Joe Cotchett Honored as “Titan of the Plaintiffs Bar”
Joe Cotchett Honored as “Titan of the Plaintiffs Bar”

The influential national legal publication tracked Cotchett’s inspiration to the clash of his Brooklyn values with those of a segregated North Carolina, where he moved to attend college at age 16. Recounting a lecture he received from a local constable after he “had the audacity to drink out of a colored [water] fountain,” Cotchett told Law360 that the experience “led me to be who I am today.” That present iteration, Cotchett’s peers (and sometime courthouse opponents) explained, is a “natural orator” with a “mastery of trying a case in open court” and “the rare ability to take a commanding knowledge of law and blend it with an irrepressible, folksy flair that is impossible to ignore and difficult to defeat.”

While Law360 reporter Ed Beeson noted Cotchett’s definitive, multi-billion-dollar win in the Lincoln Savings & Loan Association investor class action of the 1980s, the outlet also mentioned more recent triumphs, such as Cotchett’s involvement in the Martin’s Beach coastal development case, in which a San Mateo County Superior Court judge sided in September with CPM client Surfrider and ordered a Silicon Valley billionaire to reopen access to the pristine beach. 

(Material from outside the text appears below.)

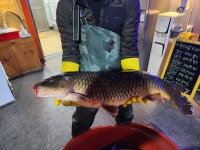 또와또 실내낚시터 낚시카페 간석동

This honor is the latest in an illustrious career: Cotchett has been inducted into the national Trial Lawyer Hall of Fame as well as the State Bar of California’s Trial Lawyer Hall of Fame, has received the Distinguished Service Award from the Judicial Council of California and the Lifetime Achievement Award from Consumer Watchdog, and has been named Trial Lawyer of the Year by Public Justice and Antitrust Lawyer of the Year by the Golden State Antitrust Institute, among other awards. He has been named one of the 100 most influential attorneys in the United States for 15 years running and was honored by Super Lawyers as the top attorney in Northern California in 2013.